Why Exact Matching Still Matters
A vector model may understand that 'midterm review' and 'exam prep' are related, but it can blur exact names. If a student asks for 'CS 111 Project 2 rubric,' lexical matching should strongly preserve those terms.
Full-text indexes such as SQLite FTS5 are designed to efficiently find documents containing specific terms. That is still a basic superpower.
Why Semantic Search Matters
Students rarely ask in the same words used by a slide deck.

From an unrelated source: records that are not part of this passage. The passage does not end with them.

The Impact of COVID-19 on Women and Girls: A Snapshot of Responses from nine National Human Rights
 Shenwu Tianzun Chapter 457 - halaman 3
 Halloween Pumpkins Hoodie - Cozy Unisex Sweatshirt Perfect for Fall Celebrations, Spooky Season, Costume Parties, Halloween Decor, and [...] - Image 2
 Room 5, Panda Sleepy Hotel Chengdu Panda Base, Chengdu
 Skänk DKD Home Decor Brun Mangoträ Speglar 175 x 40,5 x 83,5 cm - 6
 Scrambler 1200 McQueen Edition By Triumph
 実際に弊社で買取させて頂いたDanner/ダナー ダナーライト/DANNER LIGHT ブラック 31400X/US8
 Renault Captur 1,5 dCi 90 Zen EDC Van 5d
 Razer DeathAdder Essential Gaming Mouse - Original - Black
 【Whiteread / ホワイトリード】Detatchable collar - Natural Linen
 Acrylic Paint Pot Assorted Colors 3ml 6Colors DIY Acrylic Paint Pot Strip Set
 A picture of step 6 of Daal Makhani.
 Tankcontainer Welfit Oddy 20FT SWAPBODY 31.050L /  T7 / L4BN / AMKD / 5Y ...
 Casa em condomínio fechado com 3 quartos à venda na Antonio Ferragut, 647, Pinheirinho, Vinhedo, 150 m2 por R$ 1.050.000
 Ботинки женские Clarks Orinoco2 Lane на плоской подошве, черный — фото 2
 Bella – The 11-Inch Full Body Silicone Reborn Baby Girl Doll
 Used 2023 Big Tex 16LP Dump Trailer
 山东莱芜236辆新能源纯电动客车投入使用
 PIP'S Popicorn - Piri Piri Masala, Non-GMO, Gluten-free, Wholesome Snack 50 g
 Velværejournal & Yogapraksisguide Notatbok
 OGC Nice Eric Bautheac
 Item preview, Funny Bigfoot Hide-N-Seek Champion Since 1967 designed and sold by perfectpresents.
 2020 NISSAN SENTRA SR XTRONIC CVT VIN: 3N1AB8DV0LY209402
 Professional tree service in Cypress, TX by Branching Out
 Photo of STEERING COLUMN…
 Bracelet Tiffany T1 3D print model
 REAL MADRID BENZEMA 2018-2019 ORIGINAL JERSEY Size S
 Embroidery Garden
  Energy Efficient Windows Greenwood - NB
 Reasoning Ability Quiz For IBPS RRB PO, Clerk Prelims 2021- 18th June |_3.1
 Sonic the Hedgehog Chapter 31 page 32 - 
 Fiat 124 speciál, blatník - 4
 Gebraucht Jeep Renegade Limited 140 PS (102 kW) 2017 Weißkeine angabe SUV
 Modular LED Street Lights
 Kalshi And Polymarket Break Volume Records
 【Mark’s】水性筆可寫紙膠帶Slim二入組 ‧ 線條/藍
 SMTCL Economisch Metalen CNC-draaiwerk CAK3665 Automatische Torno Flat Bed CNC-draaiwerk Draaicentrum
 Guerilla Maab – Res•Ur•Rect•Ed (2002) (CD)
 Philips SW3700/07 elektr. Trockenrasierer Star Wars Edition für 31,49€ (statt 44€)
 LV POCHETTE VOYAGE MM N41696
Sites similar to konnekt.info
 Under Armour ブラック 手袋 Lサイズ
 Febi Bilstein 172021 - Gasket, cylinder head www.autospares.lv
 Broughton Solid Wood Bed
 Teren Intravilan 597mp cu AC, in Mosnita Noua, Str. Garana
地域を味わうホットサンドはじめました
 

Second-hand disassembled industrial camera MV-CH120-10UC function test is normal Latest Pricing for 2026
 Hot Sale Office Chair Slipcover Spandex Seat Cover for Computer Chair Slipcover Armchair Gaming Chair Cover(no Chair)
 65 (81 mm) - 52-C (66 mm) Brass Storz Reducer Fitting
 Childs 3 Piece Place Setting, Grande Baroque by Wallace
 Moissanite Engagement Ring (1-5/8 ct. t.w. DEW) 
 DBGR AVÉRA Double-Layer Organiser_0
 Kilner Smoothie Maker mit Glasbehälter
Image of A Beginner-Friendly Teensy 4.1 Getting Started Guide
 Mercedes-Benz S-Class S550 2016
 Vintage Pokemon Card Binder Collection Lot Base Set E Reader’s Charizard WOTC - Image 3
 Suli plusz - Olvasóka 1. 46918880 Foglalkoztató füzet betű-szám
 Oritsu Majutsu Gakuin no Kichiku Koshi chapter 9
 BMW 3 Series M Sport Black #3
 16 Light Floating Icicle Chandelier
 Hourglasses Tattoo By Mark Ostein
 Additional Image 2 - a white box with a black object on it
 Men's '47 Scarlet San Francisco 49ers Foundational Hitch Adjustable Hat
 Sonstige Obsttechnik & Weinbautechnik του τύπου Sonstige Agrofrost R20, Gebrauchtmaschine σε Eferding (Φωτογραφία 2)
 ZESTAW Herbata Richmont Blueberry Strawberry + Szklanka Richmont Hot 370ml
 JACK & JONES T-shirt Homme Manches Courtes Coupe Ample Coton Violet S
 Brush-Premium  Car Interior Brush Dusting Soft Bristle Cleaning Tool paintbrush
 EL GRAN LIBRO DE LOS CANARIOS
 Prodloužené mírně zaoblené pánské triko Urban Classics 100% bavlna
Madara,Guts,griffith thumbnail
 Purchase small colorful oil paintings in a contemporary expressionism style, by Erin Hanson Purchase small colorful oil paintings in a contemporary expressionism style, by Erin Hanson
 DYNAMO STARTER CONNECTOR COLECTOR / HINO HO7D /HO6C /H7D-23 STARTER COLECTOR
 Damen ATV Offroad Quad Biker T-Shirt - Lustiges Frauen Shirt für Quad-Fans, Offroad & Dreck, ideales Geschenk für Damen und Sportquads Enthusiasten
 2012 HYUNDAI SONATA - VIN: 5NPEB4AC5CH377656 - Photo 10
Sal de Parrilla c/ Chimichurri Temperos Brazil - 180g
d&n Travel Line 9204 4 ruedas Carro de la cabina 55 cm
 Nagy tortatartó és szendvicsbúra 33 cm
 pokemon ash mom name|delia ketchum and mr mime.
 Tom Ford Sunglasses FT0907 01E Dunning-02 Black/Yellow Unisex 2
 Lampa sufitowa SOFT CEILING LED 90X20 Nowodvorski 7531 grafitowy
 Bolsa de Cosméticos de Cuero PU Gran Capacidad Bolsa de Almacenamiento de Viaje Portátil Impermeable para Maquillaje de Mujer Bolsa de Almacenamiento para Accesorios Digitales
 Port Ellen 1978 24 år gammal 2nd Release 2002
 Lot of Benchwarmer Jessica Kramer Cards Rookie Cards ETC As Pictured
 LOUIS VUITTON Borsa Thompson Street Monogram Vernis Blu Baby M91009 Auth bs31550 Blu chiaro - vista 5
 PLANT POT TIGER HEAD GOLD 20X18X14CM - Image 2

A lecture may say 'gradient-based optimization' while the student asks 'how does the model learn from error?' Embeddings can connect those meanings.
The best pipeline retrieves both lexical and semantic candidates, merges them, reranks them, and keeps source labels attached.
| Query type | Best first signal |
|---|---|
| Exact assignment name | Keyword |
| Vague conceptual question | Vector |
| Formula with notation | Keyword plus metadata |
| Study-plan request | Vector plus calendar metadata |
| Acronym or abbreviation | Keyword |
Common Pitfalls
- Using only vector search and missing exact course identifiers.
- Using only keyword search and missing paraphrases.
- Merging rankings without deduplication.
- Letting semantically similar but stale course content outrank the current assignment.
Quick check
Quiz
Why is hybrid search useful in course tools?
- It combines exact terms with semantic similarity
- It avoids all indexing
- It removes source metadata
- It only works for images
Course questions often contain both exact identifiers and fuzzy intent.